The paper tackled the problem of generating high-quality Indian Sign Language images by developing a modified Attention-based GAN that combines ProGAN and SAGAN, resulting in improved Inception Score by 3.2 and Fréchet Inception Distance by 30.12 compared to traditional ProGAN.
Sign language, which contains hand movements, facial expressions and bodily gestures, is a significant medium for communicating with hard-of-hearing people. A well-trained sign language community communicates easily, but those who don't know sign language face significant challenges. Recognition and generation are basic communication methods between hearing and hard-of-hearing individuals. Despite progress in recognition, sign language generation still needs to be explored.

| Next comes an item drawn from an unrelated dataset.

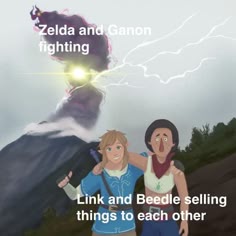 this is a meme image that depicts the contrasting dynamics of the zelda and ganon rivalry and link and beedle's interaction in the legend of zelda games.  the top half of the image shows a blurry and powerful image of zelda and ganon fighting, symbolizing their epic battles. in contrast, the bottom half shows link and beedle, two characters who are not known for their antagonistic relationship, standing together and smiling, a humorous juxtaposition to the intensity of the top image. the text in the meme emphasizes the difference between the two pairs, with "zelda and ganon fighting" at the top and "link and beedle selling things to each other" at the bottom. the image itself uses a style that's reminiscent of meme templates, making it relatable and engaging for fans of both the game and meme culture.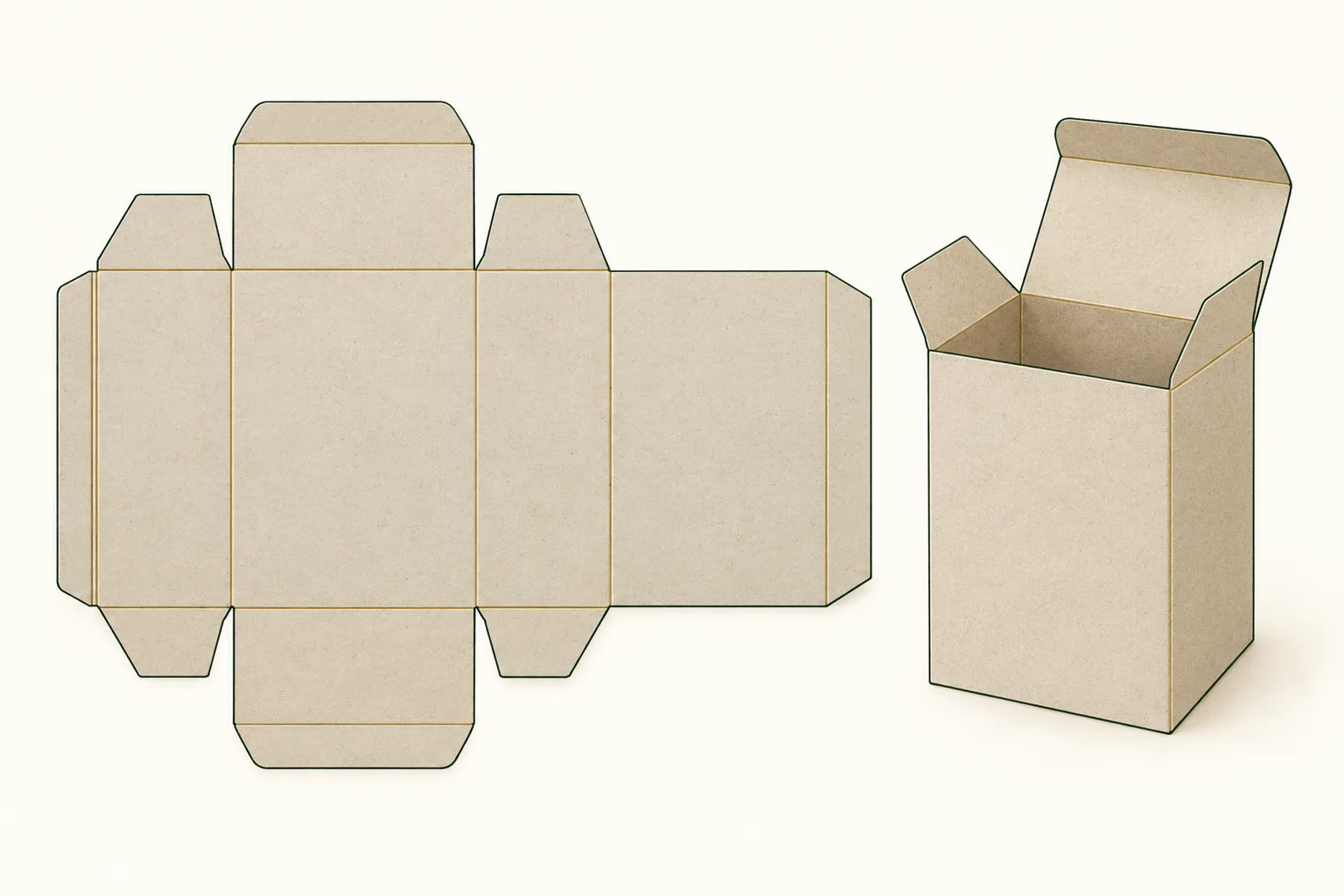 Concept illustration showing a flat folding-carton blank beside a partly assembled box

The Progressive Growing of Generative Adversarial Network (ProGAN) excels at producing high-quality images, while the Self-Attention Generative Adversarial Network (SAGAN) generates feature-rich images at medium resolutions. Balancing resolution and detail is crucial for sign language image generation. We are developing a Generative Adversarial Network (GAN) variant that combines both models to generate feature-rich, high-resolution, and class-conditional sign language images. Our modified Attention-based model generates high-quality images of Indian Sign Language letters, numbers, and words, outperforming the traditional ProGAN in Inception Score (IS) and Fréchet Inception Distance (FID), with improvements of 3.2 and 30.12, respectively. Additionally, we are publishing a large dataset incorporating high-quality images of Indian Sign Language alphabets, numbers, and 129 words.